First row:        0      1/2    1/2
Second row:   0       0        1
Third row:     2/3     0      1/3

8.   The final step is to extract the eigenvector from the observed transition matrix (i.e., solve the “balance equations”). For the matrix in Step 7, it is easy to verify that this eigenvector (normalized so that the sum of the components is equal to 1) is:

(1/3, 1/6, 1/2)

Verification

1/3 = [0 x 1/3]    +  [0 x 1/6]  +  [2/3 x 1/2]

1/6 = [1/2 x 1/3] + [0 x 1/6]  +  [0 x 1/2]

1/2 = [1/2 x 1/3] + [1 x 1/6]  +  [1/3 x 1/2]

Discussion

Note that the components of the  eigenvector derived in Step 8 are identical to the corresponding proportions observed in Step 4. This is not a coincidence.  The same relationship will hold for any sequence of integers specified in Step 1 (see Theorem 4.1 on page 84).

This conclusion has a direct counterpart in the classical theory of Markov processes.  Suppose the proportions in the “observed transition matrix” in Step 7 are reinterpreted as probabilities in the transition matrix of a discrete time Markov chain.   The stationary (steady state) probability distribution for this Markov chain is given by the eigenvector (normalized) of the chain’s transition matrix (i.e., by the solution to the Markov chain’s “balance equations”).   This well known and fundamental relationship between a matrix of Markov transition probabilities and the steady state distribution of the associated Markov chain is perhaps the most important, useful and widely applied result in the theory of Markov models.

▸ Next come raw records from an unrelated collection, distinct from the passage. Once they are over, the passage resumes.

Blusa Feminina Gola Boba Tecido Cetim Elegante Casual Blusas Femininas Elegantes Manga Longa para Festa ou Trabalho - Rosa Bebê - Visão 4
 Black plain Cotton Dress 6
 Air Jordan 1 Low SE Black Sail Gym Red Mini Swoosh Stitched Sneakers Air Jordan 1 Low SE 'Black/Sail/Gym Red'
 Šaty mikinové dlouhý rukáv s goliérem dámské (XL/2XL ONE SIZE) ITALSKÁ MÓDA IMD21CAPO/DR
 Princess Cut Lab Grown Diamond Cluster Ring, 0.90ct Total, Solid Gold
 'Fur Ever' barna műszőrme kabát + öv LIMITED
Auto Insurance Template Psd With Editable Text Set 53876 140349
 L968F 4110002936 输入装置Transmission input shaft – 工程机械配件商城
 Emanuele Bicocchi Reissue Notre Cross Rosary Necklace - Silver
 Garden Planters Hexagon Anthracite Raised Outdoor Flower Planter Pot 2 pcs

Surprisingly, this same relationship is also valid for any finite sequence specified in Step 1.  Traditional Markov assumptions are not required, This is the main point of the example presented in Steps 1 through  8.

Theorem 7.1 (page 199) extends Theorem 4.1 to continuous time Markov processes.  Together, these two theorems (which appear to have no precedent in the standard literature on stochastic processes) explain much of the remarkable success that traditional Markov models have enjoyed in applications where their underlying probabilistic assumptions are unlikely to be satisfied.